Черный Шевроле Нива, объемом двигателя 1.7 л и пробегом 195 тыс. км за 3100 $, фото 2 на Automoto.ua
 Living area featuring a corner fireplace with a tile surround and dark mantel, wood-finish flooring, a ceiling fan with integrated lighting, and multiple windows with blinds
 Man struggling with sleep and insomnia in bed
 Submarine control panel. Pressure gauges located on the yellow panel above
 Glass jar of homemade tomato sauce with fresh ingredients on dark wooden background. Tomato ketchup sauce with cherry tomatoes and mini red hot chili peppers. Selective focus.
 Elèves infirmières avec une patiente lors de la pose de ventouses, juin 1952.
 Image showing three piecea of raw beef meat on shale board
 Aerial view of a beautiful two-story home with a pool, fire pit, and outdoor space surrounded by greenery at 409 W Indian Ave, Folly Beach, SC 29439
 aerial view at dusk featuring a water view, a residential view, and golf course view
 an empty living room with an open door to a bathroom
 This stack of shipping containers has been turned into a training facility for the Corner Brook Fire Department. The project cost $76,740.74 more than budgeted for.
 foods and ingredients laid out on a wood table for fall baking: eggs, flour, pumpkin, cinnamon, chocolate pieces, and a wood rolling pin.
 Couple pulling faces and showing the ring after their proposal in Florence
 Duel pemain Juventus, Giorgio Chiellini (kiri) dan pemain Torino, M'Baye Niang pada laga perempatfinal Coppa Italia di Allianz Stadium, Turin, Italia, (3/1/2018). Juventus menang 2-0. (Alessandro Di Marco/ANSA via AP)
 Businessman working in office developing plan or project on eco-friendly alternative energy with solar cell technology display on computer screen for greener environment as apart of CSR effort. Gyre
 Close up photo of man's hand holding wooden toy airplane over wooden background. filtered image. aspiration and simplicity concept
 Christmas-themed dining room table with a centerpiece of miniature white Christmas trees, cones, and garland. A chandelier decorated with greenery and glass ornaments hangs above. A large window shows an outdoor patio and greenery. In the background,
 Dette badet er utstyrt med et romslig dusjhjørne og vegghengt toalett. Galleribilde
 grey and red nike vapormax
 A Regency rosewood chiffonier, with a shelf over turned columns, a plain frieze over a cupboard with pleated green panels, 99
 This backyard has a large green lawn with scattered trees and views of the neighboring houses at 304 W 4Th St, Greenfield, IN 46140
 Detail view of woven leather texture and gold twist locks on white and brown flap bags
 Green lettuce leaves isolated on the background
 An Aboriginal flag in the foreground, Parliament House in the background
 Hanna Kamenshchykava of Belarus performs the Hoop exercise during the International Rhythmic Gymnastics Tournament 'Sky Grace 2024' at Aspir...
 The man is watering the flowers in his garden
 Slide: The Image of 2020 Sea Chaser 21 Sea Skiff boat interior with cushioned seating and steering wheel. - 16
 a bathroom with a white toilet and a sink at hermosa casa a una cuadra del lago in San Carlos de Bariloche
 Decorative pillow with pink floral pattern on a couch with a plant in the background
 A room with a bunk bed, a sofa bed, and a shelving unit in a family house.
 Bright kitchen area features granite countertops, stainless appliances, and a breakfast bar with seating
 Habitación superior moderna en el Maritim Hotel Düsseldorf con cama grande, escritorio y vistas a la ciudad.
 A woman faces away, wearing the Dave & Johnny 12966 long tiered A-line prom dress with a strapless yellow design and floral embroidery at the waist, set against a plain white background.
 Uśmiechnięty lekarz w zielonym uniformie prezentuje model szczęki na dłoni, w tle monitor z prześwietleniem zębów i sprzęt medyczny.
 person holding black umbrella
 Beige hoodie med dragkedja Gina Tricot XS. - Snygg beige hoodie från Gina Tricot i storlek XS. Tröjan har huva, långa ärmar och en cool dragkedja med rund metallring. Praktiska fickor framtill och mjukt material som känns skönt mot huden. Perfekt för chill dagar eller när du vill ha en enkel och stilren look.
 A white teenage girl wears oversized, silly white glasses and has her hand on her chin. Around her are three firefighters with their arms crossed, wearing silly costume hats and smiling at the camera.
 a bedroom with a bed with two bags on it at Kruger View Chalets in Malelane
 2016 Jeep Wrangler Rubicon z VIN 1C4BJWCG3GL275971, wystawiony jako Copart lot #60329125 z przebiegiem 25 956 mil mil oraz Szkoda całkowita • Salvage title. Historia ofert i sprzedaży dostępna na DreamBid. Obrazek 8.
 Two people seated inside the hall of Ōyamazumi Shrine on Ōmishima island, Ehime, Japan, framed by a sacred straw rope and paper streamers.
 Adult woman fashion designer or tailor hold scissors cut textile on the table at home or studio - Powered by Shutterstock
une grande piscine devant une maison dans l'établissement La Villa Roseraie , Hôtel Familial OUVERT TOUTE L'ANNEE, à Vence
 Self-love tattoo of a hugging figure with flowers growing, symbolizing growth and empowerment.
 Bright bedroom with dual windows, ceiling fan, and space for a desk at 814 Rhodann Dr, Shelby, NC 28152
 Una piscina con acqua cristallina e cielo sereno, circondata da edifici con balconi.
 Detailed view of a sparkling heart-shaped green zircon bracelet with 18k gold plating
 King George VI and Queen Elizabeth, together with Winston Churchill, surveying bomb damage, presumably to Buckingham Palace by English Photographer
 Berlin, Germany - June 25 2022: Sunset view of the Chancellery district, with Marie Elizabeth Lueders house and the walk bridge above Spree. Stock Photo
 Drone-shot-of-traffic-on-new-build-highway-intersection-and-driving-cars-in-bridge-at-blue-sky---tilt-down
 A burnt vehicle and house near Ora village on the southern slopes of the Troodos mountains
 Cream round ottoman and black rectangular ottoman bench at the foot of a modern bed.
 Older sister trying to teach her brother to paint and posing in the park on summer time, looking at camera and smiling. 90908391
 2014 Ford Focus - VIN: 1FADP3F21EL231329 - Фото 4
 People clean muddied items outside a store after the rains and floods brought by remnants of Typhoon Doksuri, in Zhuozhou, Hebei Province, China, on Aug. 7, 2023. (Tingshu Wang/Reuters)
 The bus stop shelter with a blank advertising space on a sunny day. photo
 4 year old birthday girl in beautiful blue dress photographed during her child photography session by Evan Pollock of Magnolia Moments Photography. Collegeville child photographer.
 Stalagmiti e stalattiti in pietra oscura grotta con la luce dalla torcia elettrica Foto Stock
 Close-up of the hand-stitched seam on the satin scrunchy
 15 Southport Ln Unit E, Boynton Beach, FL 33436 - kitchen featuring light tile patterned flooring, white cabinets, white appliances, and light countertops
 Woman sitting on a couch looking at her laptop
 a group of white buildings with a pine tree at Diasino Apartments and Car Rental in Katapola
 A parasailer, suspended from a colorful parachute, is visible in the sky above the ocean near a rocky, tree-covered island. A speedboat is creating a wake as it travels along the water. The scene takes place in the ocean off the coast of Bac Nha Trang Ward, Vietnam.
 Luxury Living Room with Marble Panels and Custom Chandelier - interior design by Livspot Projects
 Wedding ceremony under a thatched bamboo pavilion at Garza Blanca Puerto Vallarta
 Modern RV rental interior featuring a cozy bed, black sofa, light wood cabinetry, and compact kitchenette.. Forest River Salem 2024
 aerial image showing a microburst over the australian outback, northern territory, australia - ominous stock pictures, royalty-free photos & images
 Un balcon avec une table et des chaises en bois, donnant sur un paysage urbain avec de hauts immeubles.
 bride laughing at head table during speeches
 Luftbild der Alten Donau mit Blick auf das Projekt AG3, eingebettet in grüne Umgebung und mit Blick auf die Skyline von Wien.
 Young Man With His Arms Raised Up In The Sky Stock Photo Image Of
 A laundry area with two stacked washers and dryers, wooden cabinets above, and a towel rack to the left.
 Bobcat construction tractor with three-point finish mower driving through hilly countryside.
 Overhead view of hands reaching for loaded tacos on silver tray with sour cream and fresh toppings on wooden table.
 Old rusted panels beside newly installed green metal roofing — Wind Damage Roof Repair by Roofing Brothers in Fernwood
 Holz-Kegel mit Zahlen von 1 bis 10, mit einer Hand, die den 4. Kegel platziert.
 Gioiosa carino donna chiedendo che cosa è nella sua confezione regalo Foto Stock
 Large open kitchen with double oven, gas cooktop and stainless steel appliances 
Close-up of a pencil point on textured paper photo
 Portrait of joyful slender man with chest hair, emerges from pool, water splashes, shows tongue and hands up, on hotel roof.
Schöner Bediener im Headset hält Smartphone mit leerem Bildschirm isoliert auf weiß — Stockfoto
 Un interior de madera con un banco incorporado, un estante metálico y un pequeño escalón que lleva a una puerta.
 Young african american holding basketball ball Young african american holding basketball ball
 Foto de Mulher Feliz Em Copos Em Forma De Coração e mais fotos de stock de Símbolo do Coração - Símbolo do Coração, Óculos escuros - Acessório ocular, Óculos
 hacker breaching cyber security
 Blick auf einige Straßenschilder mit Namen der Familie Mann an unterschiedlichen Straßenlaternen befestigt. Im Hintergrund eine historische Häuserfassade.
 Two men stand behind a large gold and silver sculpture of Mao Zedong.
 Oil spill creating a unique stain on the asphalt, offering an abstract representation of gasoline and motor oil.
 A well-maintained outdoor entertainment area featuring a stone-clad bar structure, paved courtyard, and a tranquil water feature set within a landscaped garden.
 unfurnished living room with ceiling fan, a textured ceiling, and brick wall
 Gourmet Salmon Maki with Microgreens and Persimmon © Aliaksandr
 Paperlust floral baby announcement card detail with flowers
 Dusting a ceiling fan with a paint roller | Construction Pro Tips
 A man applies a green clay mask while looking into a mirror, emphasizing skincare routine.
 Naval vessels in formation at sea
####################
> Description of the task
Find "Dusting a ceiling" in the data above, then repeat that line and all lines after it exactly, ending with the final line.

> Solution for this task
 Dusting a ceiling fan with a paint roller | Construction Pro Tips
 A man applies a green clay mask while looking into a mirror, emphasizing skincare routine.
 Naval vessels in formation at sea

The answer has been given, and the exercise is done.